The internet has become a space riddled with malicious links, viruses and trojans. Data breaches are more regular and every 19 seconds in the UK, a small business is successfully hacked, according to research by Hiscox.
The total number of attempted attacks ranged from 900 to 359,000 in a 24 hour period. According to the insurer, almost one in three UK small businesses suffered a cyber breach last year which is equivalent to one successful attack every 19 seconds. Cyber security incidents costs over £25,000 on average in direct costs for small businesses, alongside the stress and loss of customer trust. When one click can cost thousands, and even millions, business owners need actionable to-do’s that can help them and their business stay alert and safe online.

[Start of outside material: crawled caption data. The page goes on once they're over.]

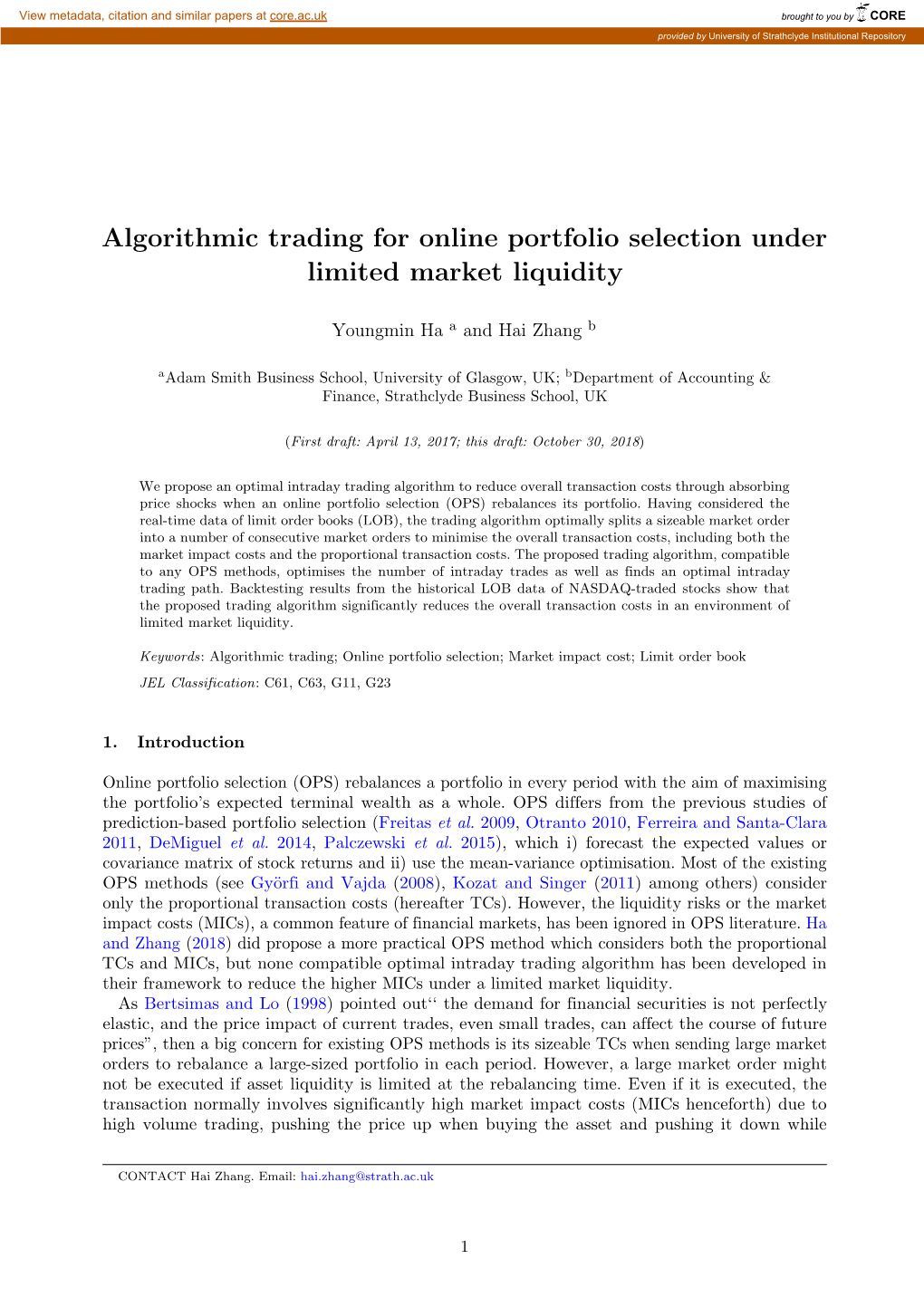 Algorithmic Trading for Online Portfolio Selection Under Limited Market Liquidity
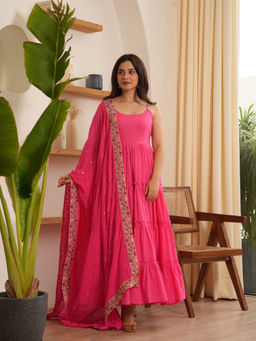 ONEWE INDIA - Ariel Pink Cotton Flare Kurta with Churidar and Dupatta (Set of 3)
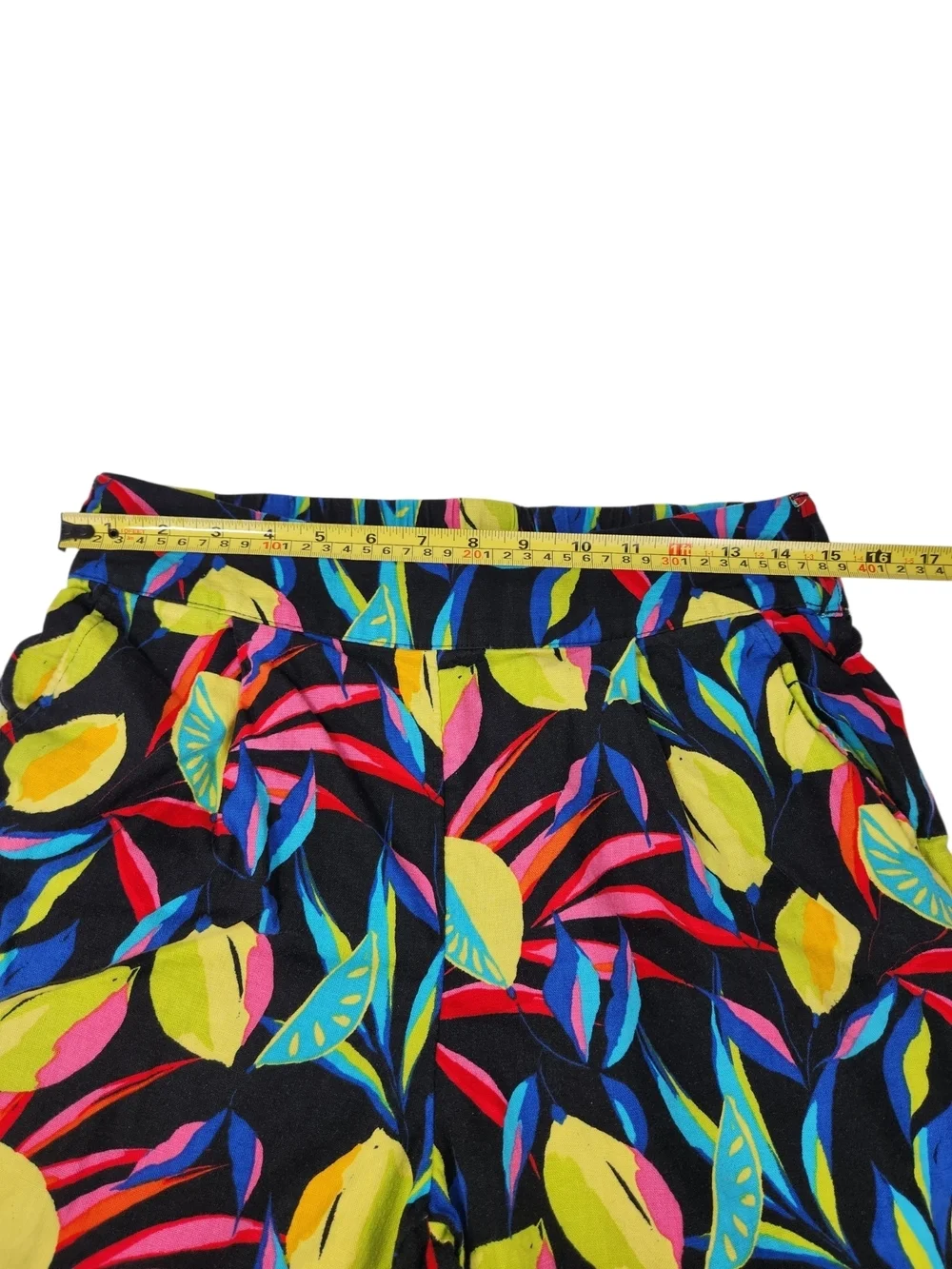 Tabitha Brown for Target Linen Blend Tropical Wide Leg Pants Medium Resort Lemon - Picture 12 of 16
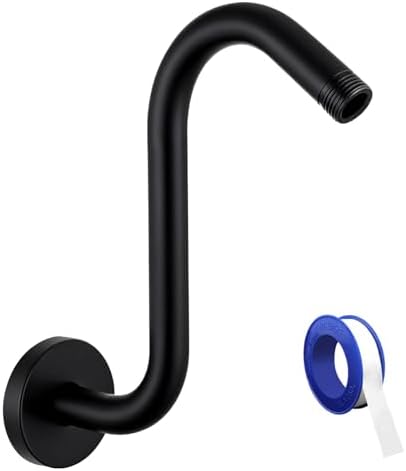 Shower Head Extension Arm with Flange, S Shaped High Rise Gooseneck Showerhead Riser Pipe, Universal Standard 1/2" Connection - Bathroom Accessory (8 Inch, Matte Black)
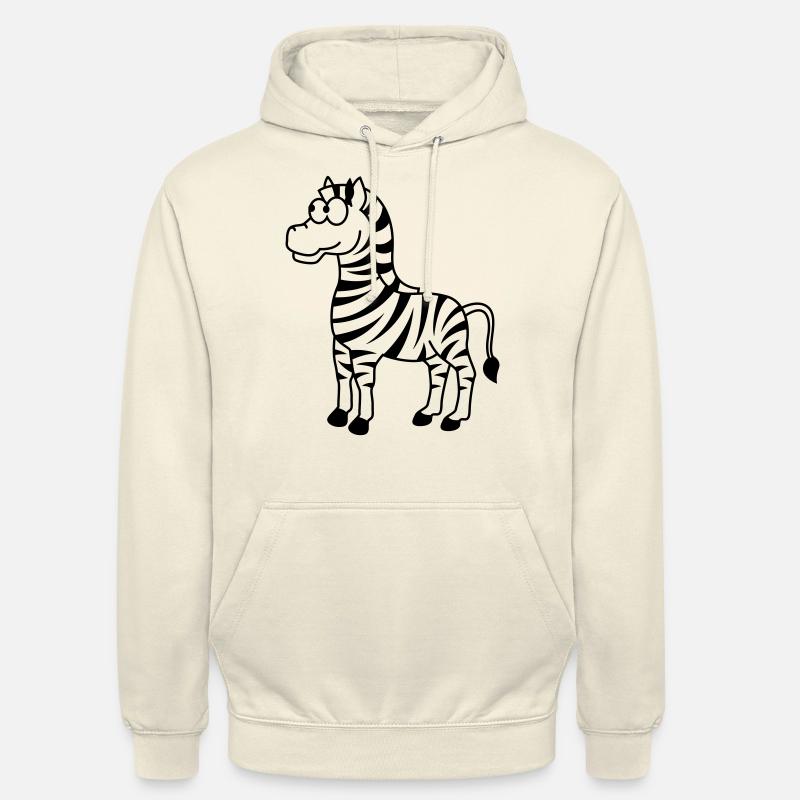 Zebra Comic Animal - Sweat-shirt à capuche unisexe - vanille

The most alarming results of the research by Hiscox, is that the majority if those that suffered an attack, admitted to making no changes to their policies or systems to help prevent further breaches in the future. So how can we stop this happening to your business?
With the mass change to remote working earlier this year, most businesses didn’t have much time to introduce an entire new IT system and now those systems aren’t used how they were designed, opening businesses up to more cyberattacks. Working from home or remote working is set to be the norm for the foreseeable future, meaning this could be a huge problem for many businesses.
Use Two-Factor Authentication
Two-factor or multi-factor authentication is an authentication mechanism to double check your identify is legitimate. It’s designed to make cybercriminals lives harder and reduce fraud risks. If you already use a basic password security measure, two-factor authentication will make it more difficult for cyber criminals to breach your account.
Cyber attackers have the power to test billions of password combinations in a second. On average, 65% of people use the same password, which is very similar to have one key for your house and car!
Authentication can come in various different forms: Something you know like a password; Something you have, your mobile phone and something you are, DNA. This offers you an extra layer of protection, other than your password and for cyber criminals to get that second authentication method, they would have to be very close to you.
Carry out user awareness training
Employees are the weak link in IT security. Social engineering is the number one security threat to any organisation and the alarming growth in sophisticated cyberattacks makes this problem only worse, as cybercriminals go for the low-hanging fruit: Employees.
No matter how much money, effort and time you put into your cyber security strategy, cybercriminals are still relying on human error to gain access to your systems, and this does work. Using the same weak passwords for multiple accounts, clicking on disguised links or even falling for phishing emails are just some of the ways employees could subject your business to cyberattacks.
Invest in your employees by providing cyber security training, enable them to make smarter security decisions, every day.
Update operating systems, software and IT infrastructure
Software updates are important to your digital safety and cyber security. The sooner you update, the sooner your device is more secure – until the next update reminder. Security updates provide plenty of benefits in each revision. Repairing security holes that have been discovered or removing computer bugs.
Updates can add new features and remove outdated ones and ideally, your operating system should be running the latest version too.
Hackers love security flaws, also known as software vulnerabilities. A software vulnerability is a security hole or weakness found in a software program or operating system. Hackers can take advantage of the weakness by writing code to target the vulnerability. The code is packaged into malware — short for malicious software
Cybercriminals are banking on businesses not updating or patching their systems or software so that they can exploit vulnerabilities and deal damage. If an update is available, it should be applied at the earliest and most practical opportunity.